Don’t we all want a perfect wedding?

One of Duolingo’s favourite sentences to throw at me to translate (I’m trying to learn Italian) is this one: “I want a perfect wedding.” Another is “Are my shoes electric?” for some reason, but I digress.
Every time I have to translate Voglio un matrimono perfetto, I twitch a little at the casual but crushing pressure on soonly-weds to create an unattainably perfect day, whatever that means for them.
I have heard of a wedding that did run precisely according to the times in the meticulously prepared to-the-minute spreadsheet, but I only did the wedding dress alterations and wasn’t there on the day. The bride admitted that such was the fastidiousness of her planning in Excel, the wedding could have run without her being there.
So, I will say here what I tell all my customers who’ve fretted to me about things not going to plan on the day: I have been to a LOT of weddings, and have yet to go to one where everything ran exactly to plan, but I have never been to a bad wedding either.
I’ve seen the vicar forget the bride’s name, the best man get so drunk that he had to be held up by the bride’s parents to give his speech and the evening disco not show up.
And I include my own wedding in that. Booked for the 9th of August and taking place in a glorious lakeside location, we planned the entire day around being outside. We bought lawn games, booked a bouncy castle and a bungee run, planned reportage photography of leisurely walks around the lake, chose cream rather than dark suits for the groomsmen to thwart the beating summer sun, and included a sachet of SPF50 suncream in the bag of home-made rose petal confetti on each seat, lest the entire congregation be wiped out by sunstroke before we could cut the cake and cut to the disco.

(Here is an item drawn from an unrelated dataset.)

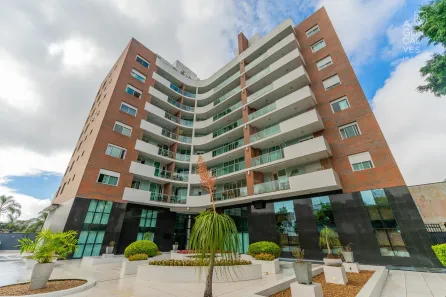 Apartamento com 3 Quartos à venda, 115m² no Água Verde, Curitiba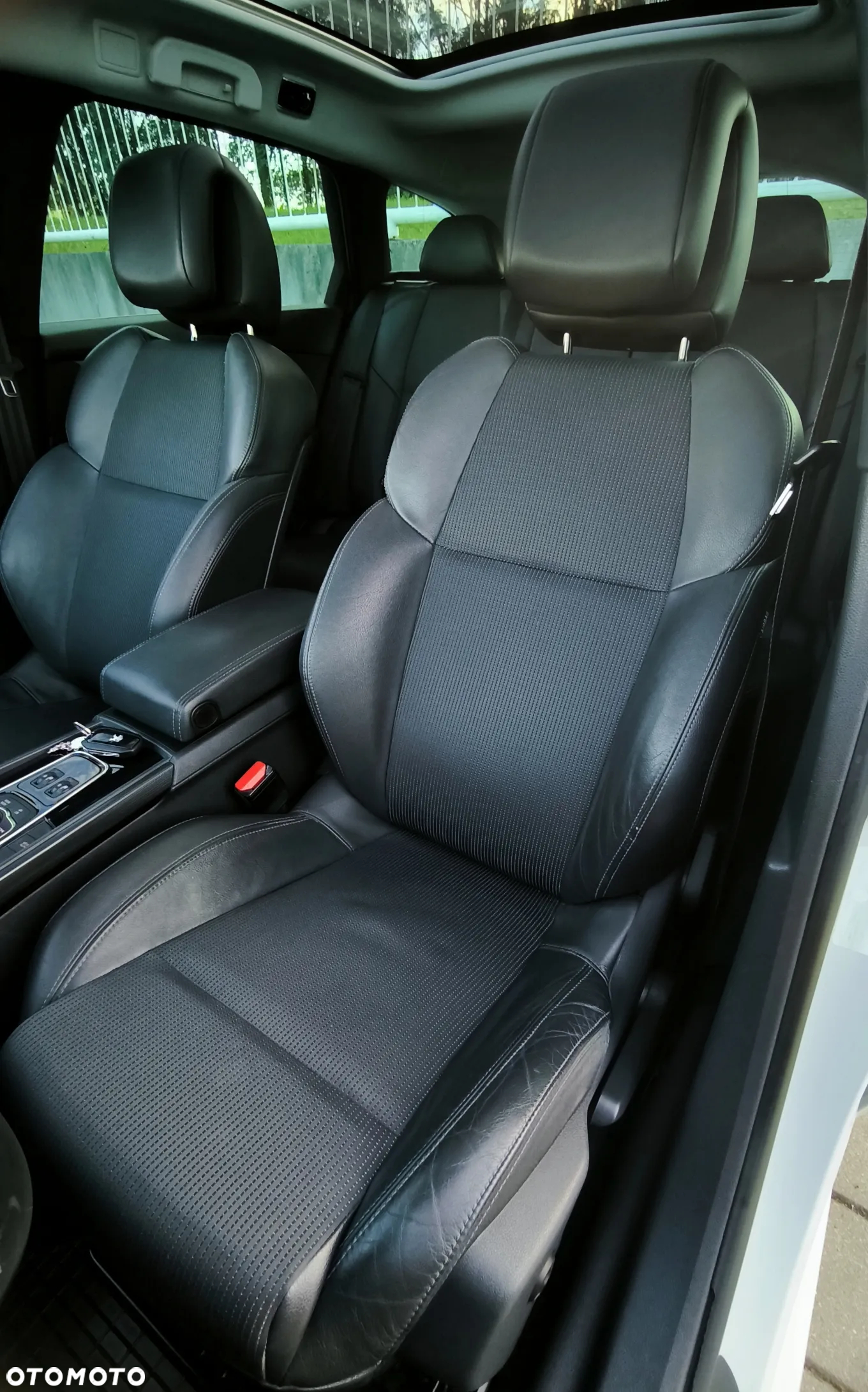 Peugeot 508 2.0 HDi Allure - 12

You’re probably way ahead of me, and yes, despite glorious sunshine the day before and the day after, it absolutely dicked it down on our wedding day.
But – and I can’t stress this enough – it was still the best day EVER.
We turned the bouncy castle and bungee run away on arrival, the lawn games stayed in their packaging and my bridesmaid exemplified next-level selfless friendship by holding her umbrella over me, the bride, while her freshly straightened hair succummed to the rain. But huddled in the bar sipping cups of tea instead of iced drinks in the sun, we didn’t care. The day unfolded in raucous laughter, eating, drinking, dancing conversation and love.
We were surrounded by our favourite people and we had just got married. Which is exactly the point. If you end the day married to the person you intended to, everything else is just detail.
Nearly fifteen years, two children and a house move later, I still find the odd, unused sachet of that suncream every now and then.